<div class="alert alert-block alert-info">
<font size="6"><b><center> Section 1</font></center>
<br>
<font size="6"><b><center> Introduction to PyTorch </font></center>
</div>

# Fundamental Building Blocks

* Tensor and Tensor Operations

* PyTorch’s Tensor Libraries

* Computational Graph

* Gradient Computation

* Linear Mapping

* PyTorch’s non-linear activation functions:
    * Sigmoid, tanh, ReLU, Leaky ReLU

* Loss Function

* Optimization algorithms used in training deep learning models

# A 2-Layer Feed-Forward Neural Network Architecture

## Some notations on a simple feed-forward network

$\bar{\mathbf{X}} = \{X_1, X_2, \dots, X_K, 1 \}$ is a $n \times K$ matrix of $K$ input features from $n$ training examples

$X_k$ $ (k = 1,\dots,K) $ is a $n \times 1$ vector of n examples corresponding to feature $k$

$\bar{\mathbf{W}}_{Xh} = \{w_1, w_2 \dots, w_p \}$

$\bar{\mathbf{W}}_{Xh}$ of size $PK$ 

where $P$ is the number of units in the hidden layer 1 

and K is the number of input features

$\mathbf{b}$ bias



## A Simple Neural Network Architeture

The input layer contains $d$ nodes that transmit the $d$ features $\mathbf{X} = \{x_1, \dots, x_d, 1 \}$ with edges of weights $\mathbf{W} = \{w_1, \dots, w_d, b \}$ to an output node.

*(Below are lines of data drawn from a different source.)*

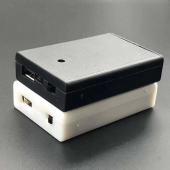 HS7345 3 XAA battery Holder with USB connector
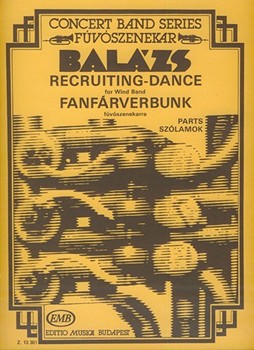Recruiting Dance for wind band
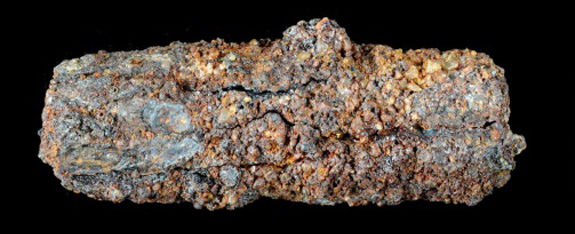 Egyptian Meteoritic Bead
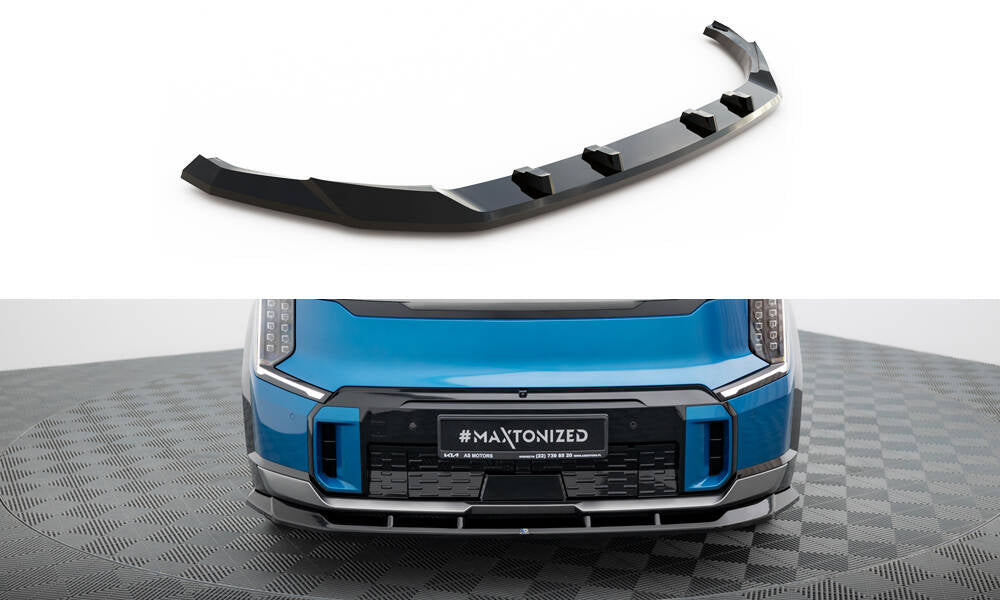 MAXTON DESIGN Front Splitter Kia EV9 GT-Line Mk1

Linear function (or linear mapping of data): $\mathbf{W} \cdot \mathbf{X} + b = b + \sum_{i=1}^d w_i x_i $

$ y = b + \sum_{i=1}^d w_i x_i $ where $w$'s and $b$ are parameters to be learned

# Tensor and Tensor Operations

There are many types of tensor operations, and we will not cover all of them in this introduction. We will focus on operations that can help us start developing deep learning models immediately.

The official documentation provides a comprehensive list: [pytorch.org](https://pytorch.org/docs/stable/torch.html#tensors)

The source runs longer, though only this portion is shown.